Sem uma vaga no Brasileirão em 2017, o projeto capitaneado por Duda no Beira-Rio mira resultados a médio e longo prazo. Apesar de o Canoas/Duda ter dominado o cenário gaúcho no último biênio, com a parceria da AGFF e o Grêmio, quase todas as jogadoras migraram para a Arena. Assim, o time colorado começa praticamente do zero e aposta em descobrir novos talentos. Mão de obra não deve faltar. Divulgada a avaliação técnica que acontece no dia 5 de março, em menos de 24 horas, mais de 230 meninas procuraram o clube.

Tanto para a Dupla Gre-Nal como para as demais equipes do nnterior do Estado, no entanto há outros obstáculos a serem superados para se alcançar uma consolidação. A começar por uma balança que mostra um desequilíbrio visível. “Hoje, um guri que fizer 30 embaixadinhas já tem algum clube interessado em comprar. Em termos de mercado, as meninas não valem o que vale um guri de 12 anos”, lamenta o presidente da AGFF, Carlos Alberto de Souza.
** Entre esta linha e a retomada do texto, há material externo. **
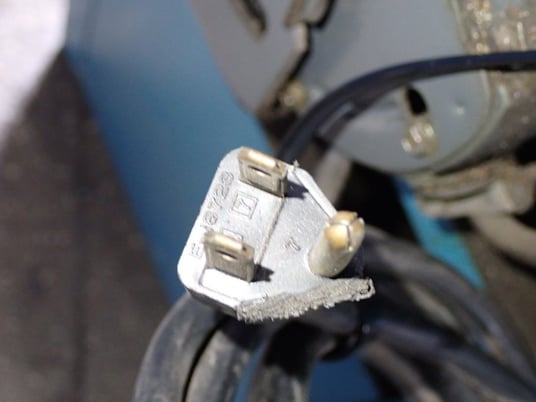 Suther Inc., Metal Notcher - Image 9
O dirigente lembra outras dificuldades bem mais práticas e restritas ao universo do futebol feminino. “Se eu for comprar um conjunto de camisetas, vai lá ver se tem o tamanho feminino. Se eu quiser comprar um troféu para a goleira menos vazada do campeonato, vai lá ver se tem uma taça com uma mulher? Meião tem até o tamanho 35. Até chuteiras são difíceis de encontrar”, relata Souza, observando que há apenas um fabricante de material esportivo que produz os calçados femininos. “O futebol feminino ainda vai crescer muito”, aposta Duda. Como se vê, até mesmo em termos de mercado, possibilidades não faltam. Tomara que dessa vez finalmente a coisa ande.